Entonces, volvió a trepar por la planta mágica y caminó hasta la ventana que daba al dormitorio del
gigante.

Muy poco rato después llegó el gigante y oliendo el aire, exclamó:

—¡Siento olor a carne humana aquí!

—¡Tonterías!, —dijo su mujer—. Hueles el asado que cociné para ti. Mejor será que vayamos a
comer.

El gigante cenó, se fue a su dormitorio y le dijo a su mujer:

—¡Tráeme mi arpa!

La mujer le llevó el arpa y el ogro la puso sobre el velador:

—¡Quiero escuchar tu música! —le ordenó.

Inmediatamente las cuerdas del arpa empezaron a tocar una dulce melodía. La cabeza del gigante
se movía al compás de la música y al cabo de unos momentos, sus fuertes ronquidos se oían por
toda la casa. Juanita, al escuchar el arpa, pensó: “¡Este es el instrumento de la hermosa melodía!”.

Se emocionó tanto que quiso hacerla sonar también. Entonces, se acercó lo que más pudo
mientras dormía el gigante. Iba tan contenta caminando, que no se dio cuenta de que había
objetos en el piso y tropezó. Fue tal el estruendo que se produjo, que el ogro despertó y la
descubrió. Rugió de rabia y se puso a correr tras la muchacha.

Por suerte, Juanita era muy ágil. Alcanzó a llegar antes que el ogro a la planta mágica, y se deslizó
tallo abajo con gran rapidez. Por encima de Juanita, la planta era sacudida por el peso del gigante
que bajaba tras ella.

—¡Te voy a comer! ¡Te voy a comer! —le gritaba furioso.

En ese momento, la mamá de Juanita estaba cortando leña y cuando vio que su niña bajaba
asustada, tomó el hacha y le dio cuatro golpes al tronco de la planta mágica. Entonces, la planta
empezó a caer con gran estrépito. El ogro casi cae arrastrado al suelo, pero alcanzó justo a
afirmarse de un arbusto que había en su jardín.
Juanita celebró con gritos y saltos la gran hazaña de su mamá.
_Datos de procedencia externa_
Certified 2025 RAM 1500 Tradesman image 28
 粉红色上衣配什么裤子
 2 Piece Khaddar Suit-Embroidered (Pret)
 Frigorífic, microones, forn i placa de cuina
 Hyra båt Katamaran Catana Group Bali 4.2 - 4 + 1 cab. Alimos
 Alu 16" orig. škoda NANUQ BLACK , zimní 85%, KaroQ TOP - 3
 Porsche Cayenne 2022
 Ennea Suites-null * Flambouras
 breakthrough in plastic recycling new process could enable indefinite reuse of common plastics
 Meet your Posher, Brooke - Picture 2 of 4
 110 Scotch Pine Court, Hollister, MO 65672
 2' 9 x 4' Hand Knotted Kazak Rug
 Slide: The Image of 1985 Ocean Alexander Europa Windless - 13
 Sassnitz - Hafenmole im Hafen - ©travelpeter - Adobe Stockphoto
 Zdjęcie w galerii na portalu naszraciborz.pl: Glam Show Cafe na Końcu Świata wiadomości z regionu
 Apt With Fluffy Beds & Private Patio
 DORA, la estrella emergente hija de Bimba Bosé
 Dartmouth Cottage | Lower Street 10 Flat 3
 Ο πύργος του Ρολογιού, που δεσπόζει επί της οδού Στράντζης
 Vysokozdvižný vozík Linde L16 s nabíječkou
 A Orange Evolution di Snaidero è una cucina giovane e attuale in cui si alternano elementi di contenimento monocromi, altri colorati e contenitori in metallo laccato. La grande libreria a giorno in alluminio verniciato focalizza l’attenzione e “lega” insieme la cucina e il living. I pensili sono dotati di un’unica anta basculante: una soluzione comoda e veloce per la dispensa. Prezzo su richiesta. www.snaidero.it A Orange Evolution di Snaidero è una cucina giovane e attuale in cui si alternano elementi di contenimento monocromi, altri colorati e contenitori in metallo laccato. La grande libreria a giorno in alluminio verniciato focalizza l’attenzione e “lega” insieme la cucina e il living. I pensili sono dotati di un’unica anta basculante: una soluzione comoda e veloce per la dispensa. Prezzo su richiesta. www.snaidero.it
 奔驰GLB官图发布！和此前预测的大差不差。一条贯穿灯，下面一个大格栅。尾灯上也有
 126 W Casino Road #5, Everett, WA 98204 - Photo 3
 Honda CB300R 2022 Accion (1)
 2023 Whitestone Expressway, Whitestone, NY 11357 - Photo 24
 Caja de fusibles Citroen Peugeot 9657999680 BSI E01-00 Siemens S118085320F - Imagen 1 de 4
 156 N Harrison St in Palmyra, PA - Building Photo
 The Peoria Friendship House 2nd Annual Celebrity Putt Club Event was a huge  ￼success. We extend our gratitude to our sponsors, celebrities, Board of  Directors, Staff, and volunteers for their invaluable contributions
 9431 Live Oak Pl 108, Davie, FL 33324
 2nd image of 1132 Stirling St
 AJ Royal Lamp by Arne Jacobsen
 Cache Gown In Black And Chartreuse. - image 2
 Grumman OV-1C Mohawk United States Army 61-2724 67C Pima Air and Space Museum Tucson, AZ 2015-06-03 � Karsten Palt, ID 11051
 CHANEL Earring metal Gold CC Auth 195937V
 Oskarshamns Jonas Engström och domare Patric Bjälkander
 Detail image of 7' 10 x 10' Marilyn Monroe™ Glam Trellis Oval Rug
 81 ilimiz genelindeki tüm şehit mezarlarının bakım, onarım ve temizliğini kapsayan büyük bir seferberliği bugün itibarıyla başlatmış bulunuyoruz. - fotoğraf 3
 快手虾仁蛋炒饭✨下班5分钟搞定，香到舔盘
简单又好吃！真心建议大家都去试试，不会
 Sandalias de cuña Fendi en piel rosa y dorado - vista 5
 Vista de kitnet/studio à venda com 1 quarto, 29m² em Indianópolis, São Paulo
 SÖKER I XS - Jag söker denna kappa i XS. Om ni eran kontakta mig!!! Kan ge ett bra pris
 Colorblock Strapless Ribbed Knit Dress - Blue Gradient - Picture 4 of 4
Se abrazaron emocionadas,
mientras el ogro desde arriba les hacía desesperados gestos de enojo.

¿Pero qué importaba el ogro ahora? Ahora estaban juntas y a salvo.

Desde aquel día, la mamá se dedicó al cultivo de lechugas junto a un grupo de vecinas y la
pequeña Juanita siguió cultivando en su corazón semillas mágicas de bondad, imaginación y
curiosidad, jugando con sus amigos y aprendiendo con su mamá.